Non éloge de Jacques Chancel
Annonce aujourd’hui de la mort de Joseph Crampes. Si vous ignorez qui c’est, vous le connaissez sous le nom de Jacques Chancel, parce que c’était tellement plus joli, comme nom. Sans surprise, et sachant que les morts sont tous de braves types, les compliments désolés ont plu comme à Gravelotte. France Inter lui consacre la journée entière, et rediffuse un tas de ses Radiocopies, une émission quotidienne qu’il faisait sur cette antenne et qui a duré des dizaines d’années. Par conséquent, personne ne vous dira que Chancel était le roi des lèche-bottes, et je reste poli.
Son exploit le plus voyant a eu lieu à Marrakech, quand il est allé y faire une édition spéciale de Radioscopie, rebaptisée Téléscopie pour la circonstance, car elle a été télévisée – au Maroc uniquement, me semble-t-il, dont je n’ai pas vu les images, mais j’ai eu l’occasion d’en entendre ICI un extrait de dix minutes. Ne vous privez pas de ce morceau de courtisan, qui aurait offusqué Louis XIV lui-même tant c’était indécent. Vous admirerez comme il n’a pas éclaté de rire en écoutant cet abominable tyran qu’était Hassan II se vanter de sa propre « bonté » (c’est au minutage 1:18). Voici donc quelques exemples de la bonté de Hassan II.

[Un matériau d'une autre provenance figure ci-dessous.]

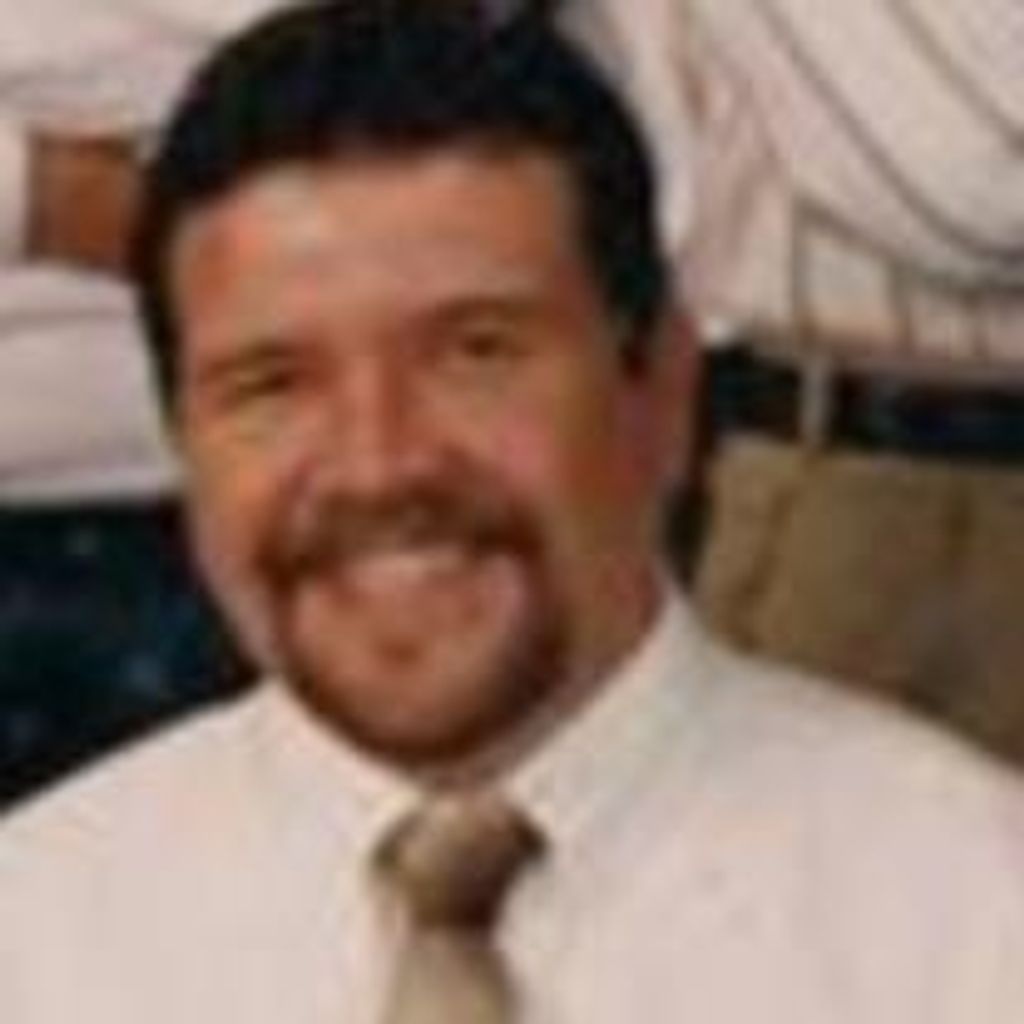 Rene  Arce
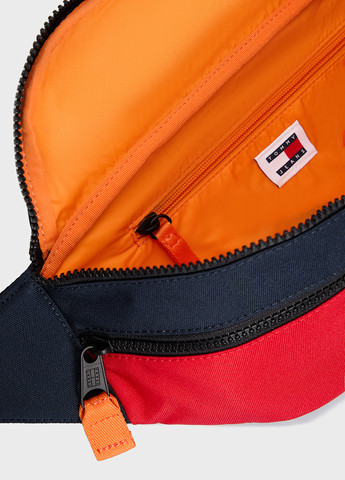 Сумка Tommy Jeans (315010105)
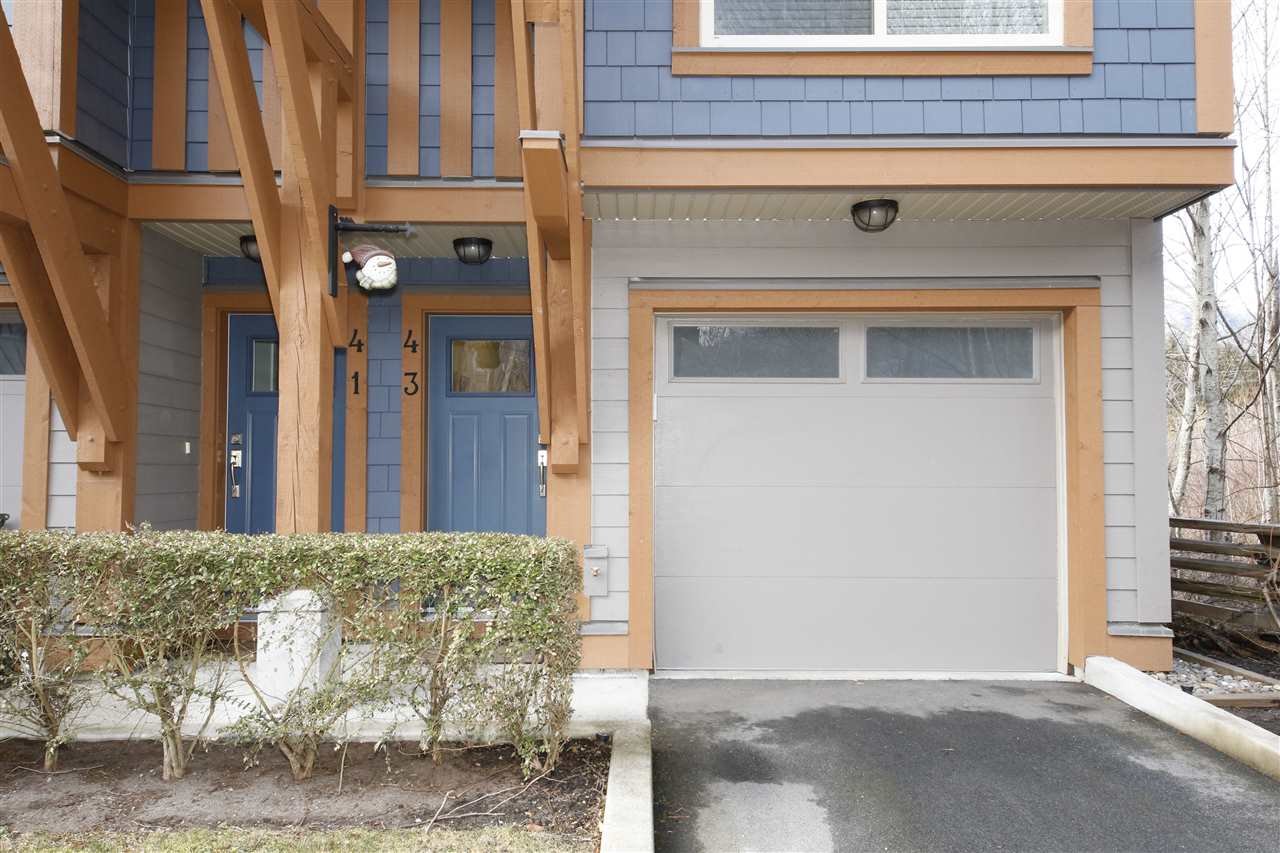 43-40653 Tantalus Rd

Tout d’abord, il est monté sur le trône de Rabat en expédiant son père Mohammed V ad patres, avec la complicité d’un chirurgien suisse qu’on n’a jamais retrouvé ensuite. Ce roi souffrait d’une déformation de la cloison nasale qui lui rendait pénibles les voyages en avion, or il devait se rendre en Chine. Son fils, prince héritier, l’a poussé à se faire opérer, et le chirurgien lui a fait une anesthésie générale, suivie d’une anesthésie locale – ce qu’on ne doit jamais faire, paraît-il. Mohammed V est mort sur le billard, et son fils, que les docteurs de la loi refusaient de nommer roi, les y a contraints grâce au général Oufkir, son âme damnée, qui les a menacés de sa mitraillette.
Hassan II s’estimait propriétaire du Maroc et de ses habitants. Quand une femme lui plaisait, il la prenait sans la consulter, et encore moins son mari si elle en avait un. On la convoquait au Palais, et tout était dit. Il la gardait aussi longtemps que cela lui plaisait.
Un général honnête et âgé était venu se plaindre à lui de la corruption qu’il avait constatée dans ses services. Le roi lui a fait servir un whisky, le général l’a bue et il est tombé raide. Crise cardiaque, a-t-on publié.
Au cours d’un de ses voyages (à Meknès, je crois), un excité ayant tenté de le poignarder en public, Hassan II a donné l’autorisation au général Oufkir de l’égorger. Ce qui fut fait immédiatement, et toujours en public, s’il vous plaît, de sorte que les témoins ne manquent pas.
Le général Oufkir ayant fini par le trahir et tenter de faire abattre son avion qui revenait de Paris, il le convoqua au palais d’été de Skhirat et le flingua de sa main. Puis il fit arrêter toute sa famille : sa femme, ses deux filles et ses deux fils, plus une cousine, fit raser leur maison et envoya tout le monde au bagne. Le plus jeune fils, Abdellâtif, avait... trois ans et demi. Il est resté enfermé dans une cellule obscure, avec sa mère, jusqu’à l’âge de dix-sept ans. À dix-huit ans, il a pu s’évader en compagnie de sa sœur aînée Malika, gagner Tanger et téléphoner à Paris, à l’avocat Kiejman, qui a remué l’opinion publique française. Mais les deux évadés ont vite été repris et ont fait quatre ans de prison supplémentaires. Interrogé par un journaliste français sur ces évènements, le roi répondit que, comme tout le monde, il avait son « jardin secret » !
Vous pouvez également lire quelques détails sur cette magouille politique que fut la Marche Verte, organisée par Hassan II au détriment de l’Espagne. C’est croquignolet.
Voilà pour Chancel, qui fut, par la suite, régulièrement invité au Maroc (je l’ai vu dans un avion que je prenais à Casablanca, il voyageait en première), aux frais du roi naturellement.